Problem >> Every line from the one with "From here you" to the final line of the records should be printed exactly as it is, with pictures left out.

Saved entries >>
————————
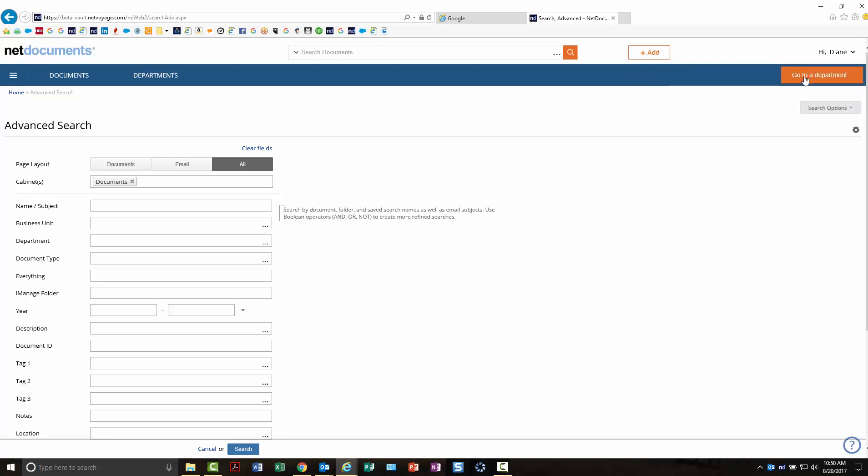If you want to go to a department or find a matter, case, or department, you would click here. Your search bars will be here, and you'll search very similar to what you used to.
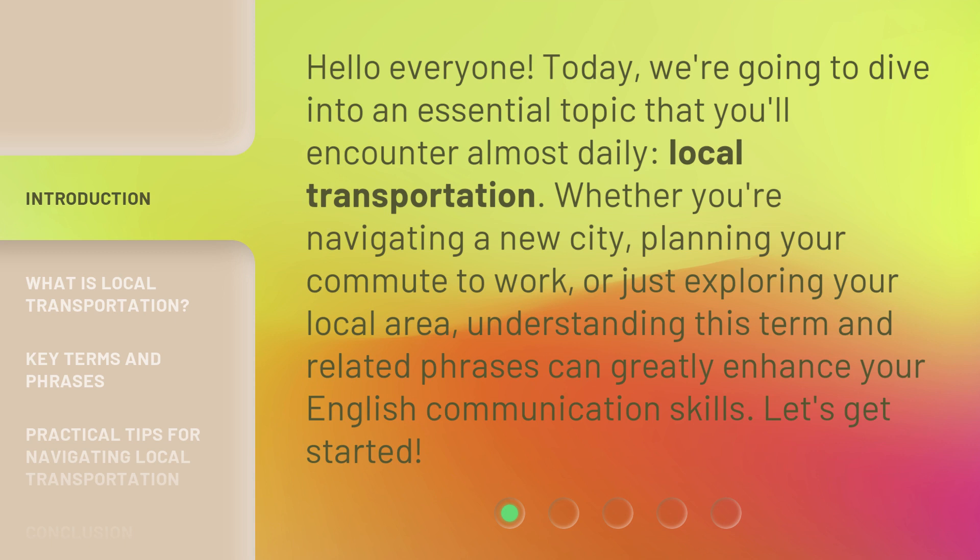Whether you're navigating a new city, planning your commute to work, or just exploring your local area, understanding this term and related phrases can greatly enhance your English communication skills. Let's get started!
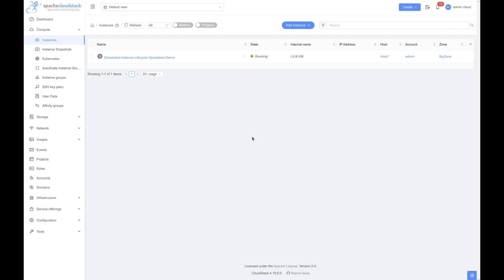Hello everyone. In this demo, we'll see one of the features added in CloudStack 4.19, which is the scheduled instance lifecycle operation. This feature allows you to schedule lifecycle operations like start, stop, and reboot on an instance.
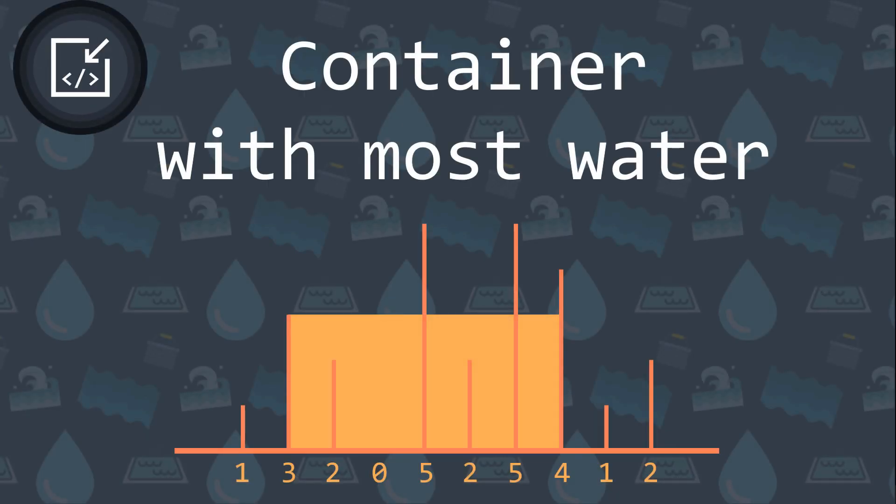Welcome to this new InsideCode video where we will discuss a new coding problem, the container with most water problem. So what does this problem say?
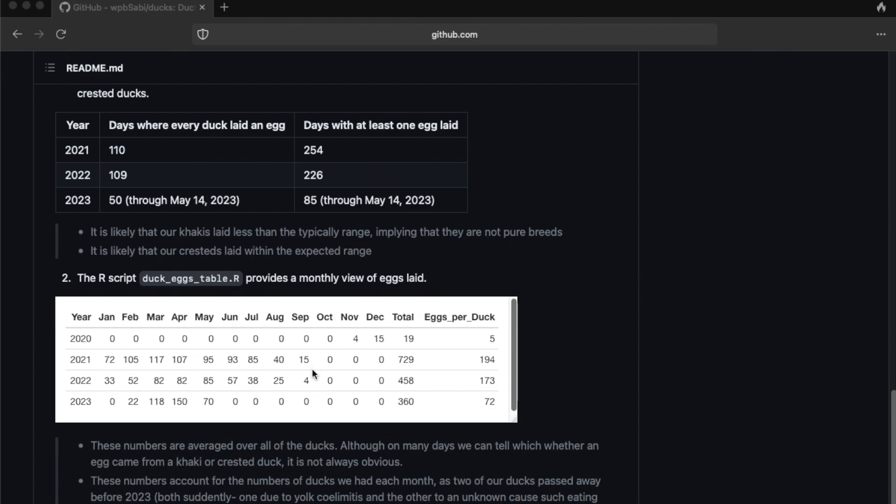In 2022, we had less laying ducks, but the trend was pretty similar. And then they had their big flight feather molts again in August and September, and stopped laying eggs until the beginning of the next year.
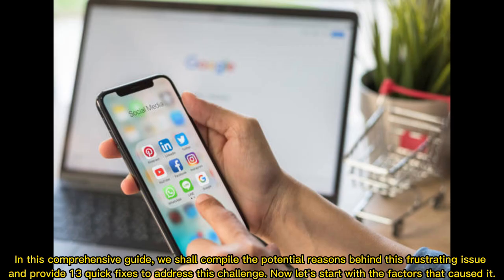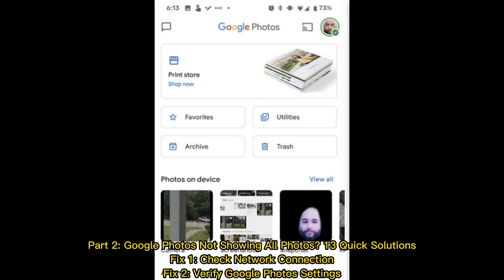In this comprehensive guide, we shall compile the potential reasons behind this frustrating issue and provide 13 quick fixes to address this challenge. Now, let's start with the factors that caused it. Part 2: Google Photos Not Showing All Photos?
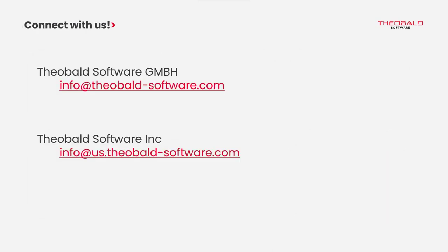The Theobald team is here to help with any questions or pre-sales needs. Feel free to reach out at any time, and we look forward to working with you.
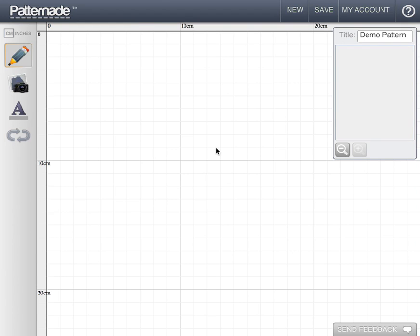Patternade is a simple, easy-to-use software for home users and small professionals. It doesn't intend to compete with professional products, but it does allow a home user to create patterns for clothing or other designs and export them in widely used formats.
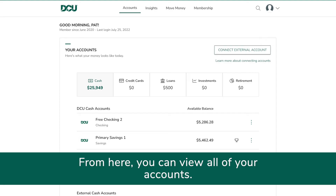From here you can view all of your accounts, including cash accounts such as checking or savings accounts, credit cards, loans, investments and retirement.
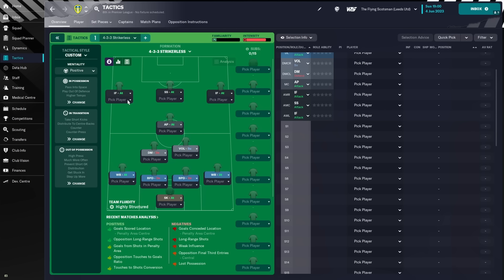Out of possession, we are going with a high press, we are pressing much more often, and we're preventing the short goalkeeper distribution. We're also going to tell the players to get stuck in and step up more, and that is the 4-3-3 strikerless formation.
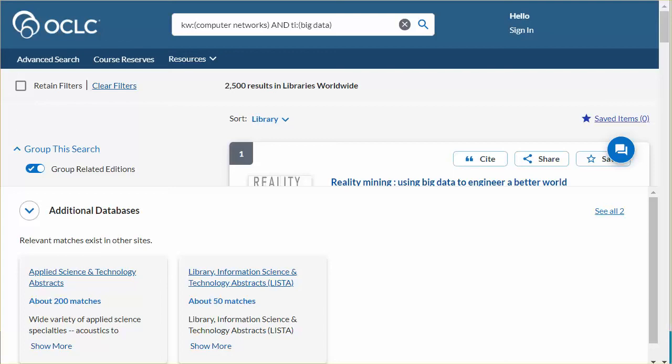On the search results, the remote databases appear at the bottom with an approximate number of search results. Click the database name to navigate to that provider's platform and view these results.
————————
Result for this exercise >>
From here you can view all of your accounts, including cash accounts such as checking or savings accounts, credit cards, loans, investments and retirement.
Out of possession, we are going with a high press, we are pressing much more often, and we're preventing the short goalkeeper distribution. We're also going to tell the players to get stuck in and step up more, and that is the 4-3-3 strikerless formation.
On the search results, the remote databases appear at the bottom with an approximate number of search results. Click the database name to navigate to that provider's platform and view these results.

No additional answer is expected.